RES and Macquarie’s Green Investment Group (once known as the UK’s green bank) said the 209MW second stage of the Murra Warra wind farm has been sold to global private equity firm Parters Group, which already owns the 220MW first stage of the facility in western Victoria near Horsham.
Partners Group will pay $A180 million for the second stage, adding to the $A200 million it paid for the first stage in 2018. GE has been contracted to supply the 38 turbines, which at 5.5MW each will be the biggest in Australia to date, and Zenviron will build the project. RES – the biggest independent renewable energy company in the world – has the asset management contract.
Debt financing was provided by a consortium of international banks – ICBC, ING, Mizuho, MUFG, SMBC and Société Générale – but no Australian financial institutions.

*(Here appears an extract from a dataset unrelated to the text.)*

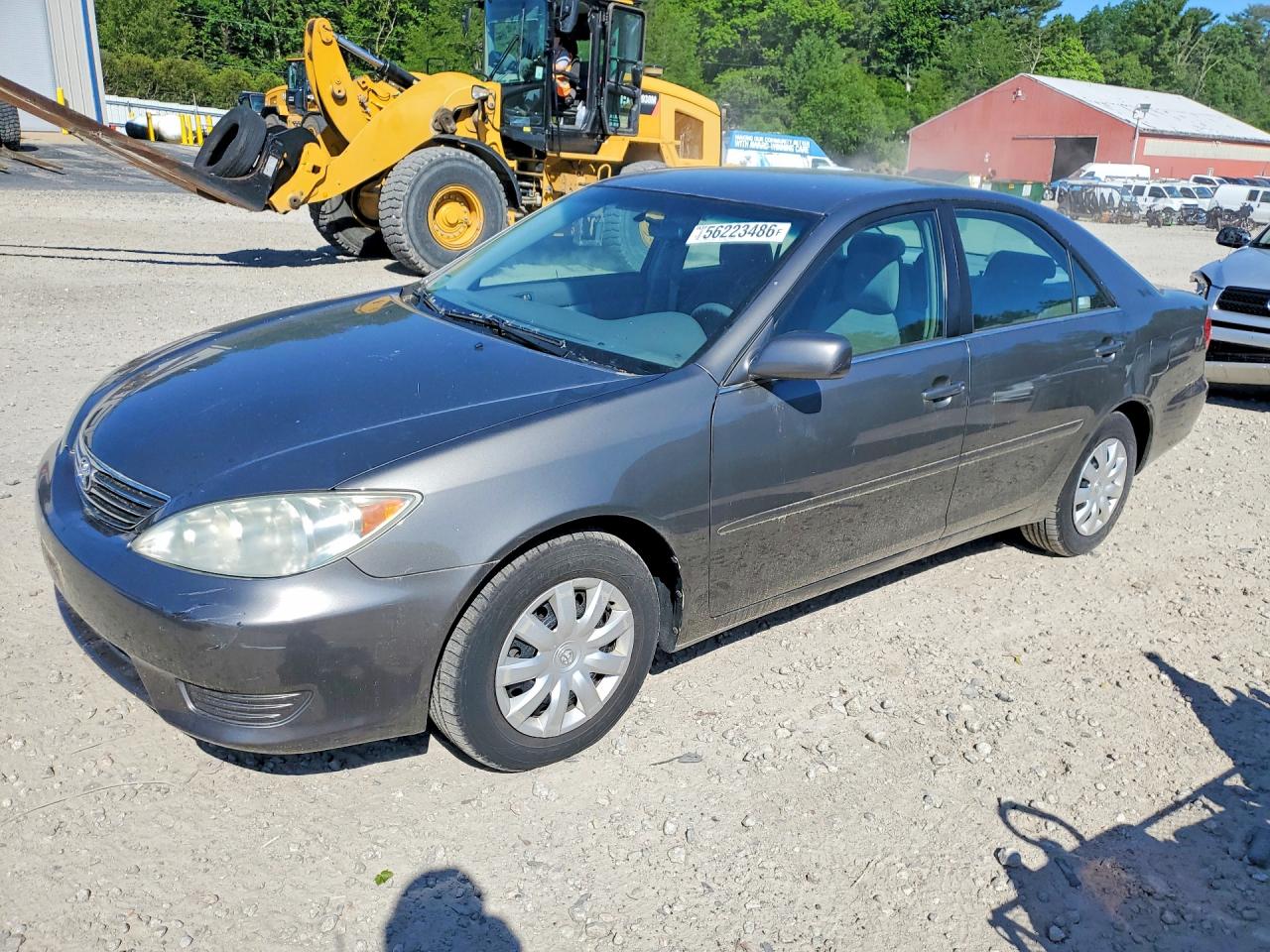 2005 Toyota Camry Le Gray vin: 4T1BE32K25U556140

It is understood to be the first time a project finance green loan has been used to fund the construction of a wind farm in Australia. The financing was raised in accordance with the Asia Pacific Loan Market Association’s Green Loan Principles, and subject to an independent Second Party Opinion from Sustainalytics.
The first stage of Murra Warra – which began production in April, 2019 – featured a then unique deal to sell its power under long term contracts to a consortium of corporate buyers, in this case led by telecommunications giant Telstra, and also including ANZ, Coca Cola Amatil and the University of Melbourne, as well as Monash University.
The second stage – due to be complete in March, 2022, is contracted to Snowy Hydro, one of eight wind and solar contracts signed up by Snowy in 2019 at what it said at the time were record low prices, delivering wind power in the range of $40/MWh and “firm” power i.e. wind and solar backed by dispatchable generation at a significantly lower price than prevailing coal and gas offerings.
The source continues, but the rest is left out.